• ACTIVITY: Please transcribe the listing below in full, exactly as written, leaving out its pictures.
[Start of Attachment]
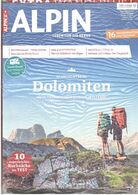 ALPIN 9/20 - Travel & Entertainment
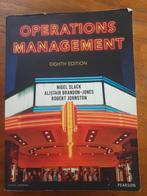 Operations management, Gelezen, Ophalen of Verzenden, Management
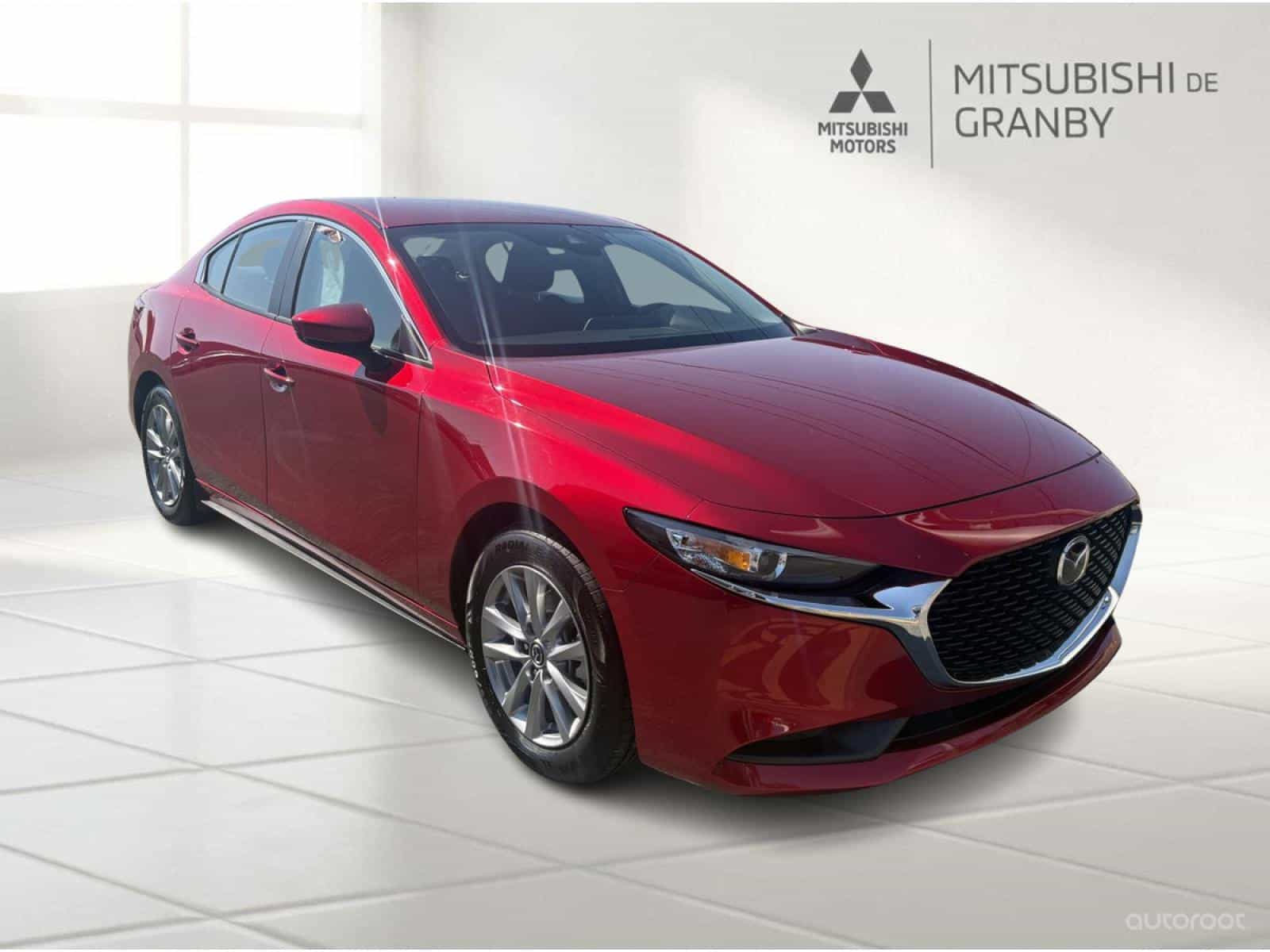 2023 Mazda Mazda3 GS - Image 1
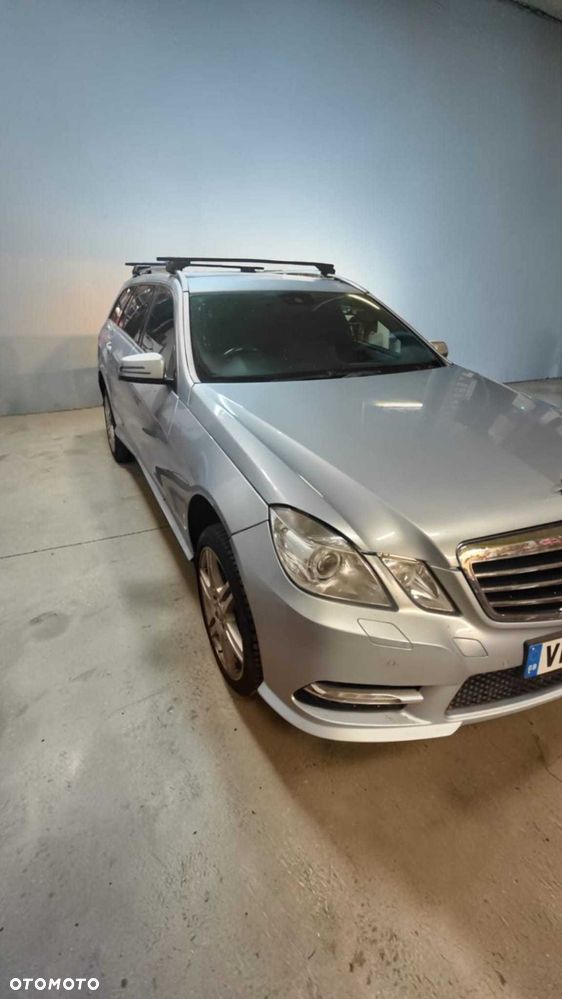 Mercedes-Benz Klasa E - 3
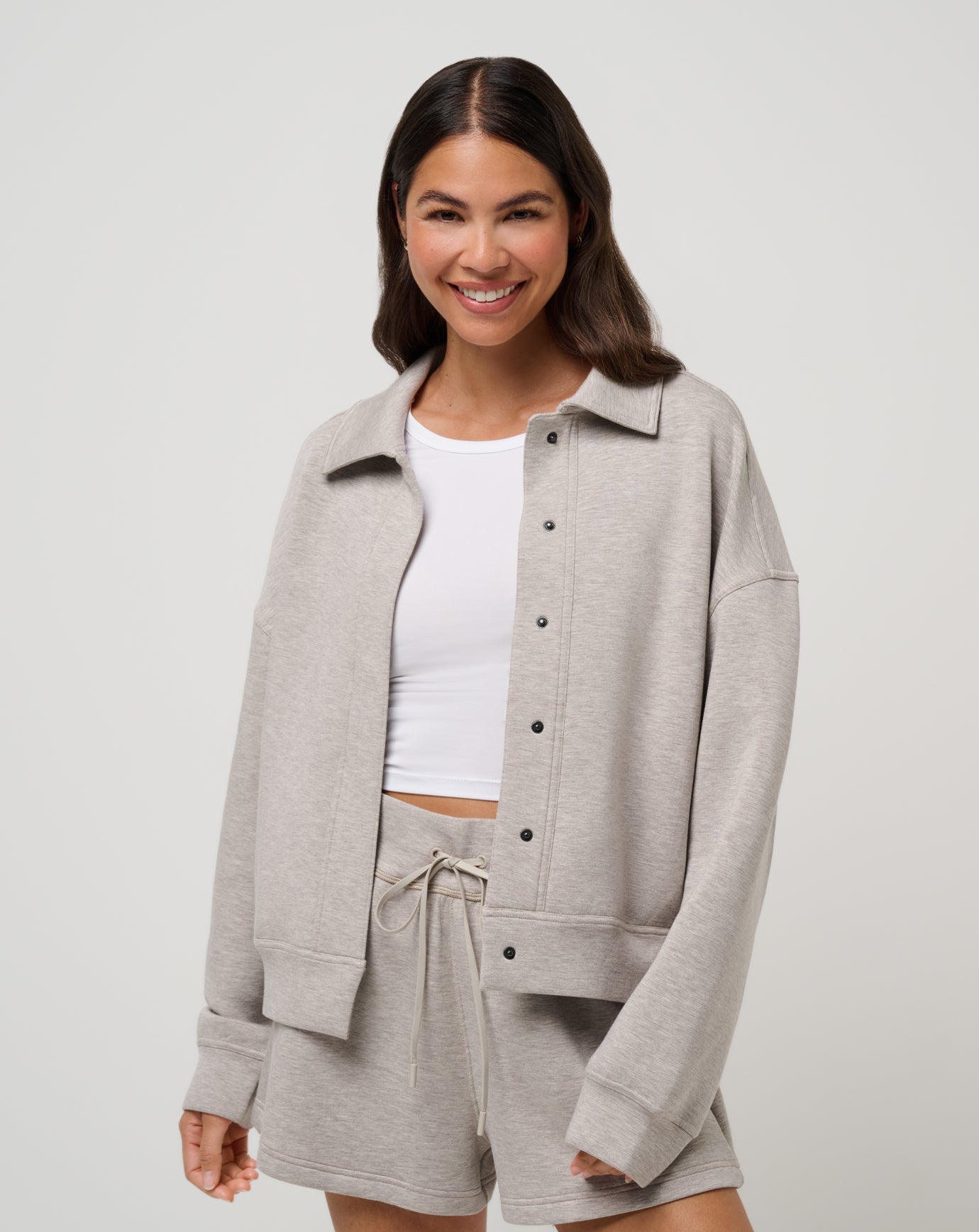 Cloudscape Button Down - Image 11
[End of Attachment]
• WRITTEN RESPONSE:
 ALPIN 9/20 - Travel & Entertainment
 Operations management, Gelezen, Ophalen of Verzenden, Management
 2023 Mazda Mazda3 GS - Image 1
 Mercedes-Benz Klasa E - 3
 Cloudscape Button Down - Image 11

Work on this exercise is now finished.